Running ROS 3.24 on RB1000U, doing VLAN routing of IP traffic, most other features disabled, have a few simple queues, that’s about it.
Today I saw something that is a first in nearly a year (since I put this configuration into production): CPU usage briefly spiked to nearly 100%, and latency became severe, something like 50% packet loss. You can see the very short spikes on the graph below - it happened twice:
Unfortunately, by the time I determined that this was the cause of the latency vs some other network issue and was able to log in to Winbox, the incident had passed and CPU usage was already settling down to pre-spike levels. The second time it happened, it was away from the office, so I never had the chance.
There’s about 5 dozen client VLANs being routed by 1000U via a connected L2 switch. I figured this spike was due to some near-Gbps burst of traffic, but in fact there was only a moderate spike on just one client graph which corresponds exactly with each incident:
Now, this router has been stress-tested with a client a few months ago, who was doing traffic well in excess of 500Mbps, and it handled it fine, no latency. The config of the router has changed very little - a few client VLANs have been dropped, and few new ones have been added. The overall VLAN and IP address count is down, and the traffic is down.
So here’s the question: why did each of these 25Mbps - 30Mbps spikes on this one client VLAN bring the RB1000 to it’s knees? It’s routinely routing about 50Mbps - 80Mbps in each direction and CPU loading is steady at around 25%. Unfortunately I don’t have any data on the traffic from the incidents. I’ve emailed the client and asked him to check his logs; if he produces anything, I’ll post it here. But maybe someone out there has been down this road before, or has an idea?

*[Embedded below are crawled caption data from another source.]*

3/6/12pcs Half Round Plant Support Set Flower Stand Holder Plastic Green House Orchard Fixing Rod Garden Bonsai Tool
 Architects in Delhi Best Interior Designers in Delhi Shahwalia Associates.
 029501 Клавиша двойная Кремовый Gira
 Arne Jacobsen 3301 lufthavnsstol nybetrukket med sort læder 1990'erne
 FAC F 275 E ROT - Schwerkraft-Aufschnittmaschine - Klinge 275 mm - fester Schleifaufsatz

On a related note, can someone suggest a good way to capture an log traffic data from the RB1000 in a way that will offer good forensics if this happens again? It seems from reading this forum that trafr is based on a very old linux kernel and is essentially broken on anything of recent vintage. Also, the sniffer itself seems kind of broken, at least from Winbox - I tried running to with the interface set just to one vlan, but even after applying that change, when I run it it captures data from every interface anyway!
It might have been a very small burst of bandwidth, but it may have been made up of very small packets. Unless you have a graph of the packet rates as well, you will not be able to determine this. I have seen commerical, big name firewalls brought to their knees with just 10Mb of traffic, but when examined turned out to be in excess of 30,000 packets per second.
Your RRD/MRTG graph has averaged out the peak of the bandwidth burst, and it was actually much higher than you can see. RRD normally uses a 5 minute averaging, so very quick spikes in traffic will not show up well. For example:
An RRD graph will record an average of 5Mb for that 5 minute window, even though it spiked to 20Mb. There’s also a chance that it did record a higher spike, but can’t display it due to the small pixel dimensions of your graph.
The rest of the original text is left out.